Kelar membagi-bagikan stiker, mobil itu melaju cepat ke arah Probolinggo. Sejenak kemudian kegaduhan muncul: uang Rp 20 ribu yang diselipkan itu ternyata palsu. "Untungnya masyarakat lumayan dewasa dan kritis, sehingga mereka langsung melapor ke polisi," katanya. Ia yakin, trik itu dilakukan oleh pihak lain untuk mendiskreditkan Wiranto.
Peristiwa di Bangil ini menambah panjang daftar kasus uang palsu yang terungkap belakangan. "Momen pemilu ini sangat riskan, dapat dimanfaatkan oleh kelompok tertentu untuk meningkatkan eskalasi kegiatan mereka dalam mengedarkan uang palsu ke masyarakat," kata Sri Arsita Mutiara, Chief Information Officer Combating Counterfeit and Financial Crime (CCFC), kepada Yandhrie Arvian dari Tempo News Room.
Menurut dia, hingga kuartal pertama 2004, jumlah uang palsu yang beredar sekitar Rp 1,2 miliar, lebih besar dari periode yang sama tahun 2003, yang berjumlah Rp 1,1 miliar. "Jika diakumulasi hingga pemilihan presiden Juli mendatang, bisa mencapai Rp 2 miliar," katanya.
CCFC mendesak Bank Indonesia (BI) segera melakukan penarikan uang beredar paling lambat setelah pemilihan presiden dan wakil presiden putaran pertama. Hal itu dimaksudkan untuk memotong mata rantai produksi dan distribusi peredaran uang palsu. Namun Deputi Gubernur Senior BI, Anwar Nasution, tak setuju pada usul itu. "Jumlahnya masih kecil sekali, jadi belum sampai mempengaruhi sistem keuangan," katanya.
Melonjaknya jumlah uang palsu setiap kali ada peristiwa politik besar dilihat Direktur Eksekutif Imparsial, Munir, seperti sudah menjadi keniscayaan. "Prinsipnya, uang palsu muncul karena terkait dengan kebijakan money politics yang dijalankan partai," katanya.
Pada Pemilu 1999, hal seperti ini juga terjadi. Bahkan, menurut dia, setiap kali pemilu di masa Orde Baru selalu diikuti dengan banyaknya peredaran uang palsu. Namun Munir tak bisa menunjukkan partai politik yang bermain di belakang ini, lantaran begitu miripnya uang palsu yang beredar dengan uang asli keluaran BI, kecuali nomor serinya yang tidak terdaftar.
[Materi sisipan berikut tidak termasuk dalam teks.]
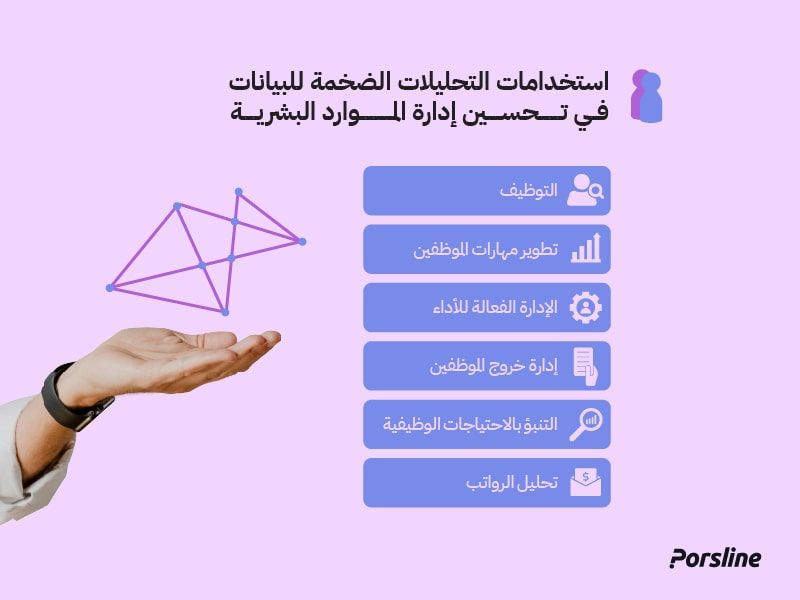 استخدام التحليلات الضخمة للبيانات في تحسين إدارة الموارد البشرية استخدام التحليلات الضخمة للبيانات في تحسين إدارة الموارد البشرية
Wakil Koordinator Indonesian Corruption Watch (ICW), Lucky Jani, menyatakan pihaknya belum memiliki data autentik tentang partai politik yang membagi-bagikan uang palsu. Yang ia ketahui adalah perihal beberapa partai pemenang Pemilu 1999 yang mengerahkan massa bayaran dalam kampanye.
Menjelang pemilu legislatif lalu, Presiden Partai Keadilan Sejahtera (PKS), Hidayat Nur Wahid, mensinyalir adanya partai yang terang-terangan membagikan uang palsu untuk kebutuhan kampanye. "Ini pelecehan terhadap rakyat dan demokrasi," katanya. Sama seperti Munir, Hidayat pun tak menunjuk hidung partai hitam itu karena sulitnya pembuktian.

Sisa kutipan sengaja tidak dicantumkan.